> Assigned task
Begin with the line containing "Wholesale 10pcs Pink", end with the last line of the records, and retype everything in between exactly, without the pictures.

> Dataset entries

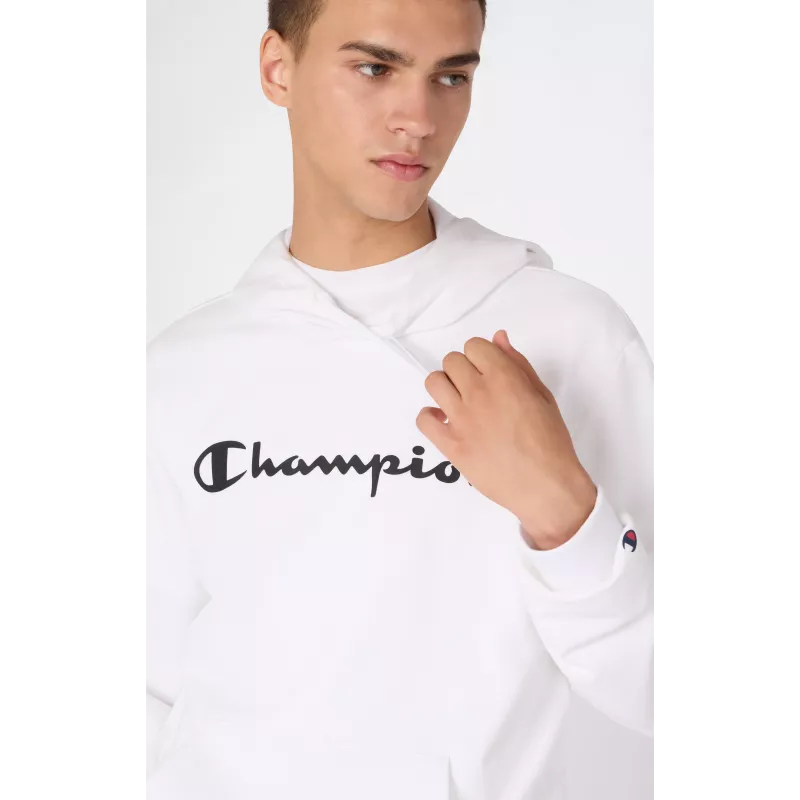 Champion ανδρικό φούτερ με κουκούλα λευκό 221917 WW001 L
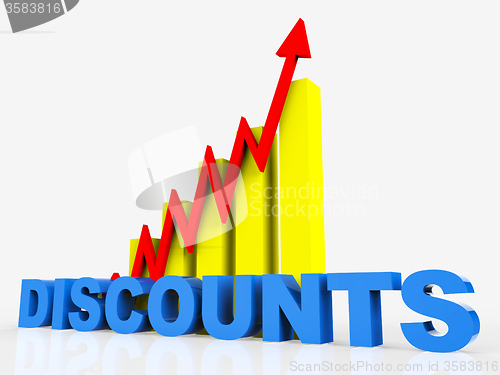 Image of Big Discount Indicates Cut Rate And Data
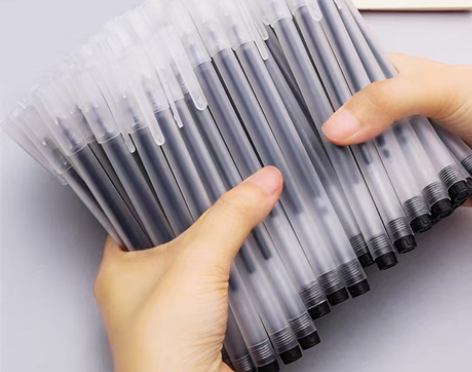 包邮（100支）黑色巨能写中性笔仅6.9包...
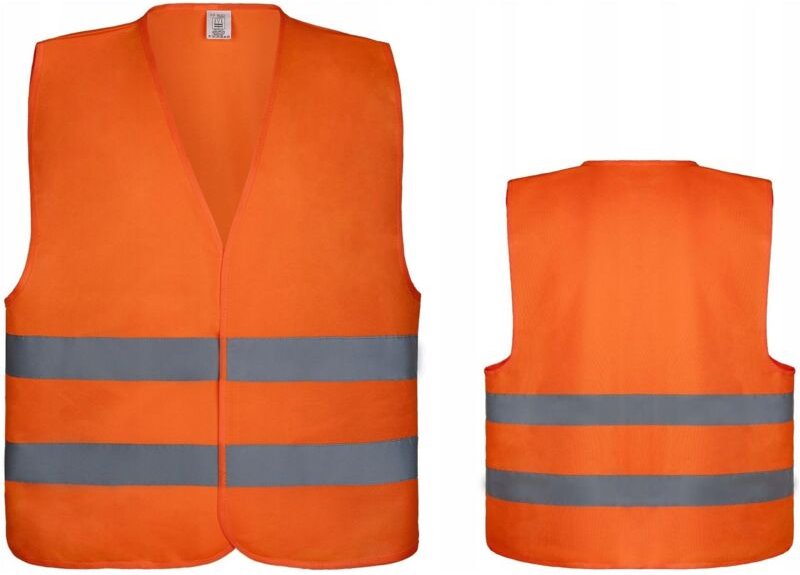 Warnung: Orange Weste, Grösse Xxxl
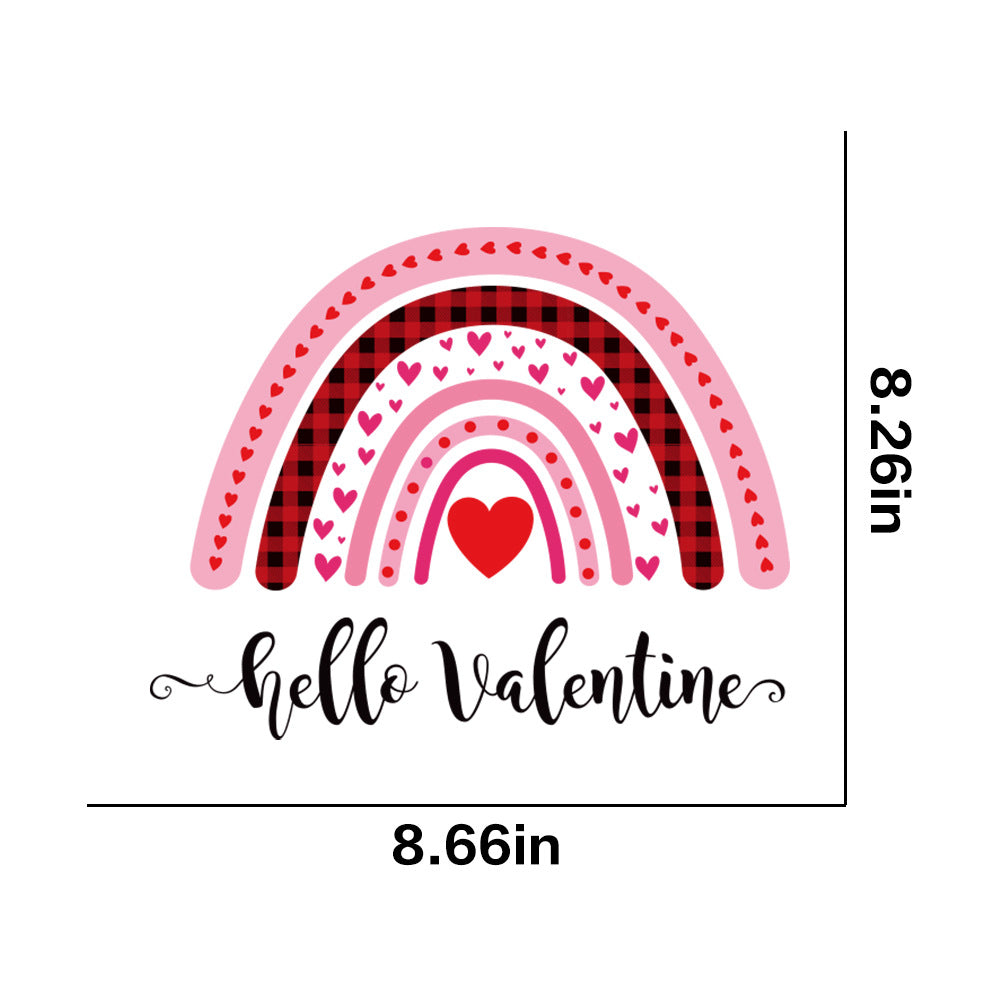 Wholesale 10pcs Pink Love Bear Valentine's Day UV DTF Ready to Press Transfers Wraps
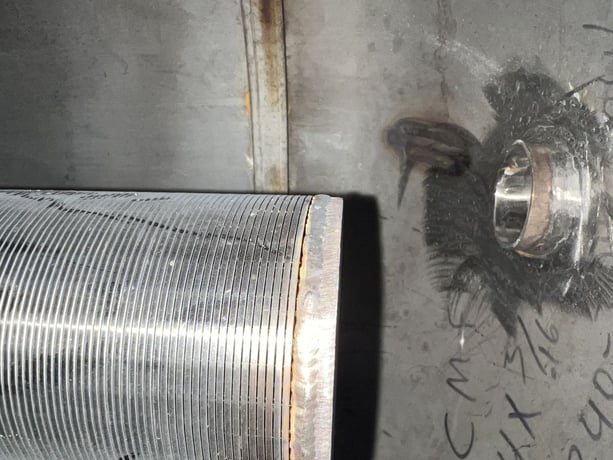 190 gallon Morfab, 304 Stainless Steel tank, 55 psi, DT/DB, 24" dia x 96" straight side plus ASME dish top & - Image 9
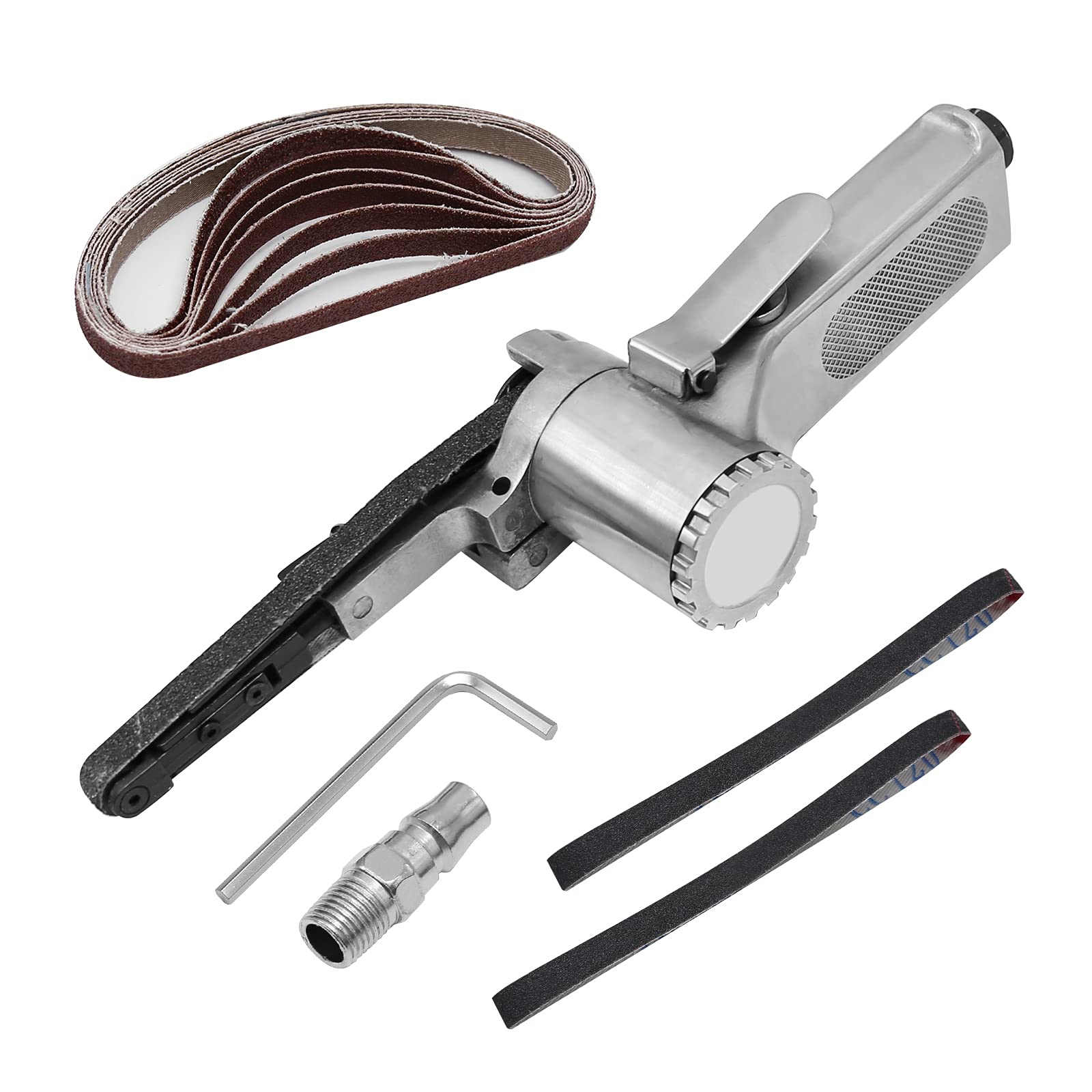 Mini Air-Powered Belt Sander - 3/8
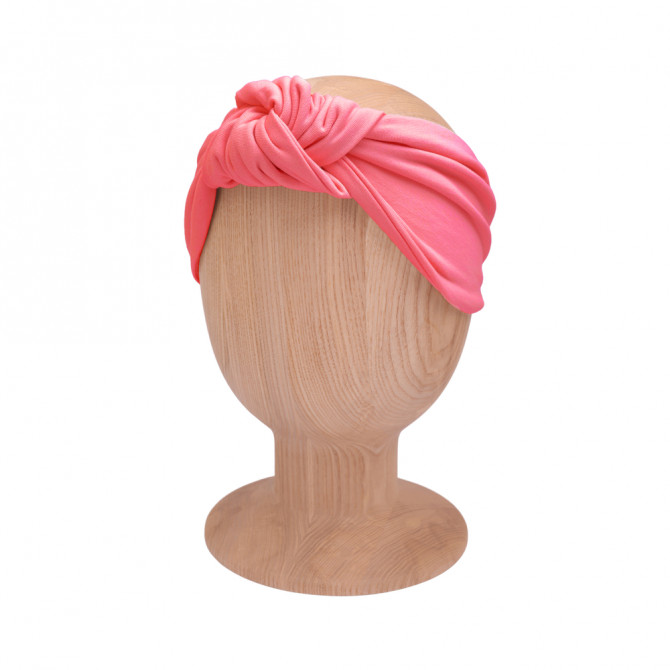 KNOT HEADBAND FLAMINGO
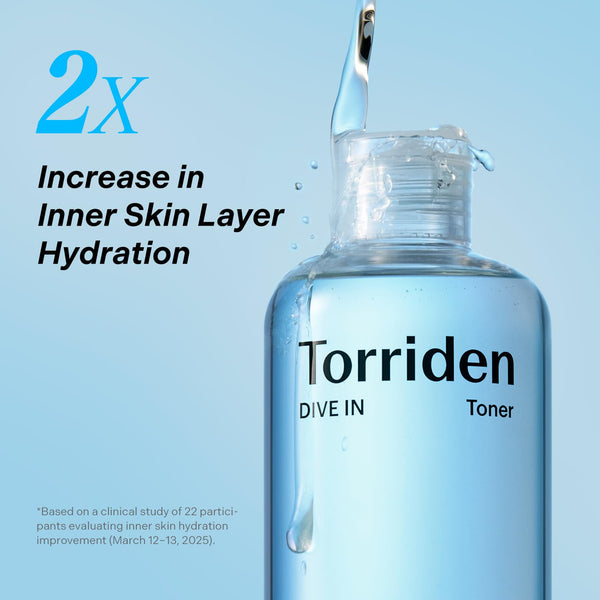 Torriden - Dive-in Low Molecule Hyaluronic Acid Toner - Hydratační toner s nízkomolekulární kyselinou hyaluronovou 300ml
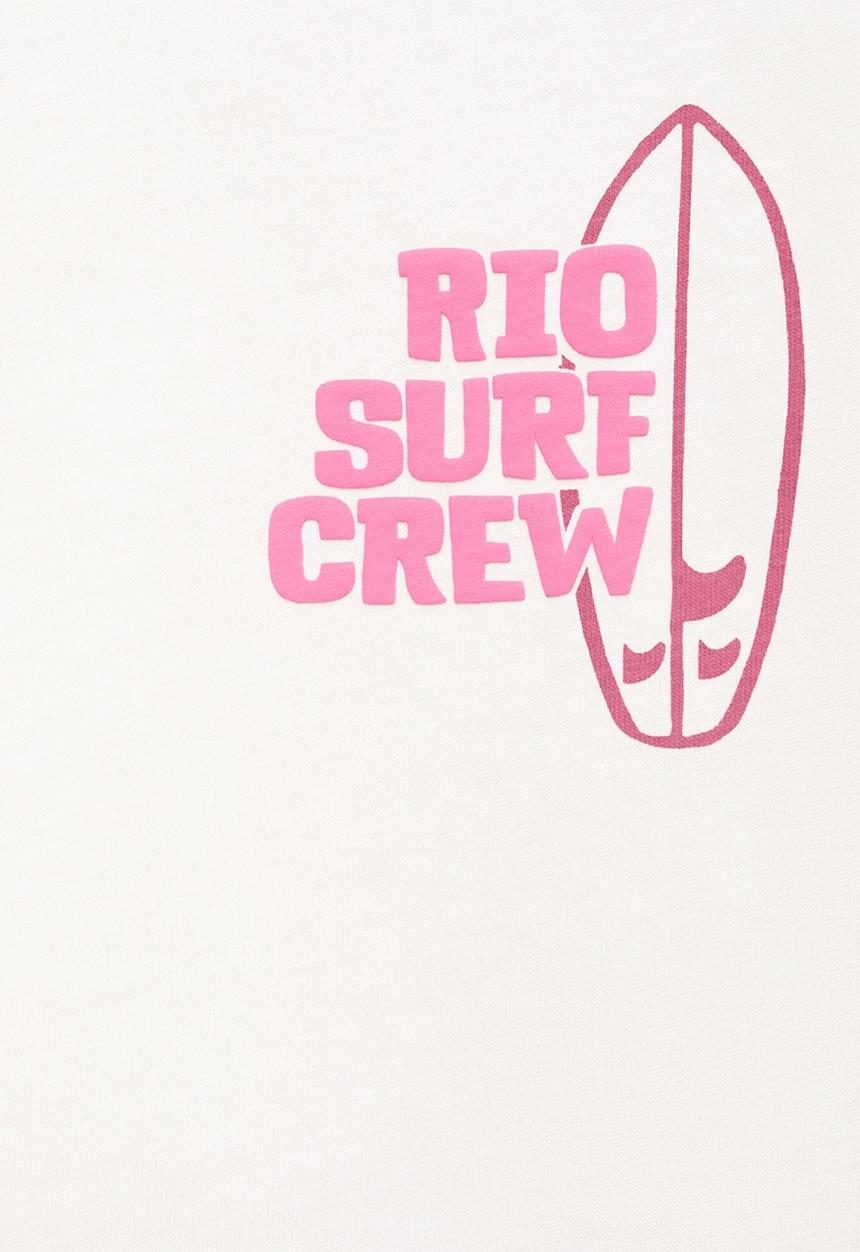 MANGO - T-Shirt Riocrew - Natural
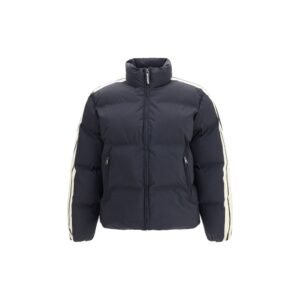 Black Track Down Full-Length Jacket designed by Palm Angels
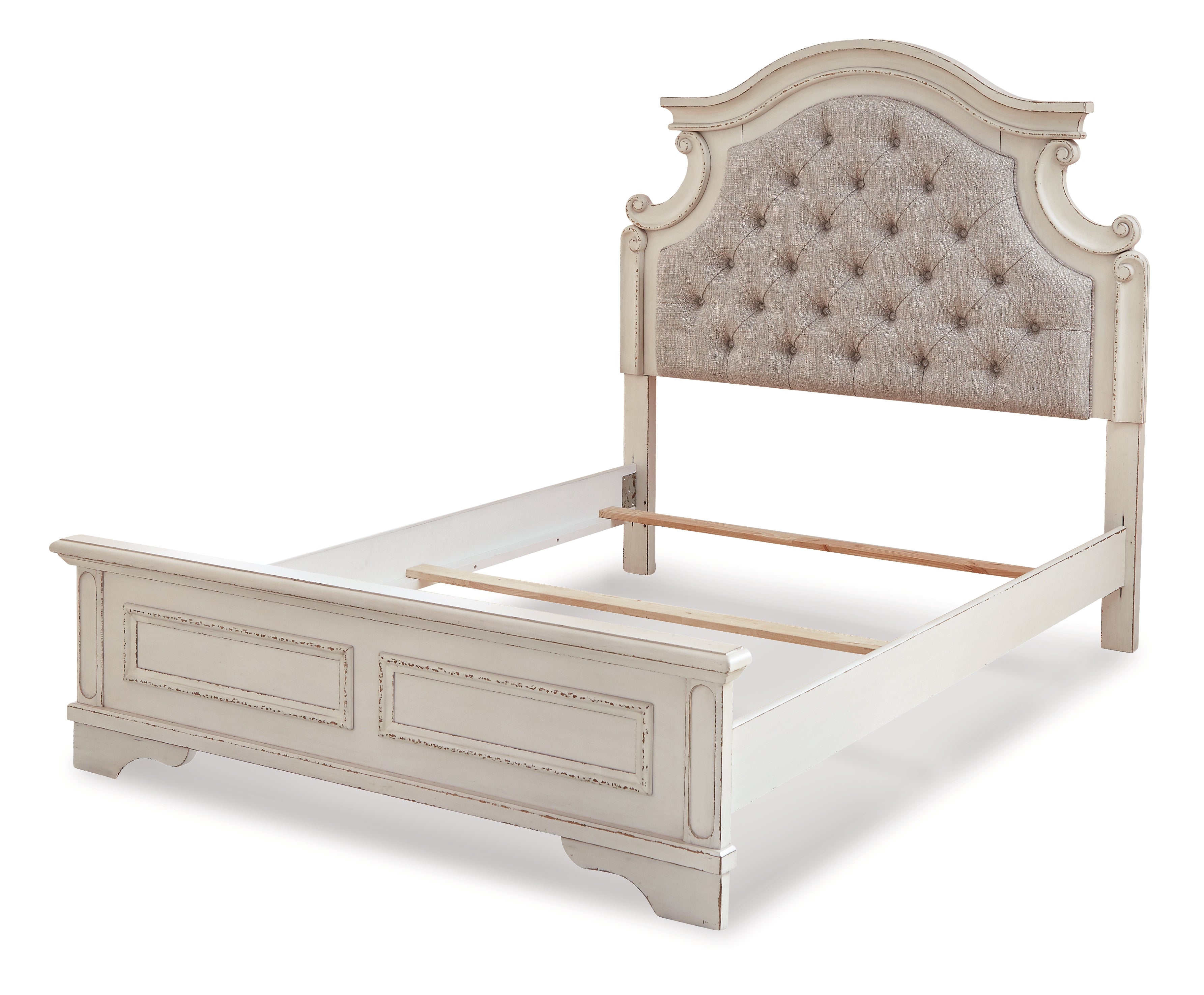 Furniture City Laplace - Ashley Furniture - Realyn Bedroom - Full Panel Bed / Chipped White - B743B14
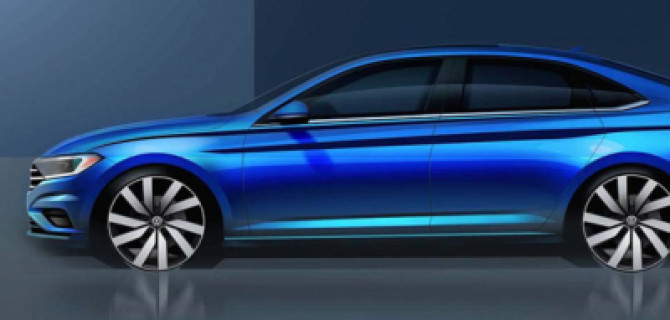 Рендер нового седана Volkswagen Jetta попал в Сеть
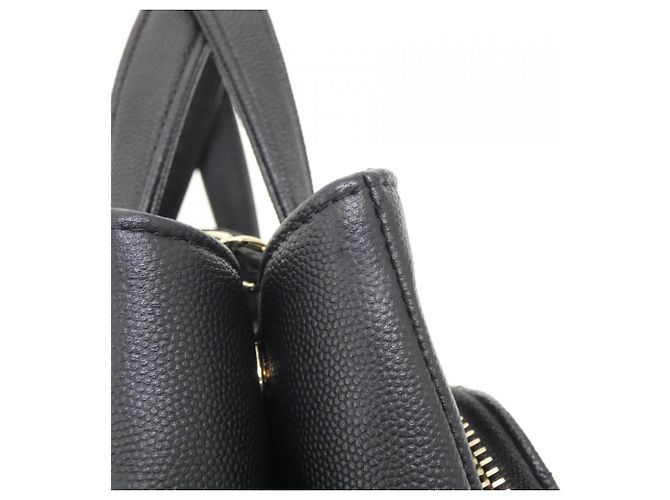 Borsa Chanel 93750 Nera e Bordeaux in pelle di vitello Nero Bordò - vista 5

> Exercise solution
 Wholesale 10pcs Pink Love Bear Valentine's Day UV DTF Ready to Press Transfers Wraps
 190 gallon Morfab, 304 Stainless Steel tank, 55 psi, DT/DB, 24" dia x 96" straight side plus ASME dish top & - Image 9
 Mini Air-Powered Belt Sander - 3/8
 KNOT HEADBAND FLAMINGO
 Torriden - Dive-in Low Molecule Hyaluronic Acid Toner - Hydratační toner s nízkomolekulární kyselinou hyaluronovou 300ml
 MANGO - T-Shirt Riocrew - Natural
 Black Track Down Full-Length Jacket designed by Palm Angels
 Furniture City Laplace - Ashley Furniture - Realyn Bedroom - Full Panel Bed / Chipped White - B743B14
 Рендер нового седана Volkswagen Jetta попал в Сеть
 Borsa Chanel 93750 Nera e Bordeaux in pelle di vitello Nero Bordò - vista 5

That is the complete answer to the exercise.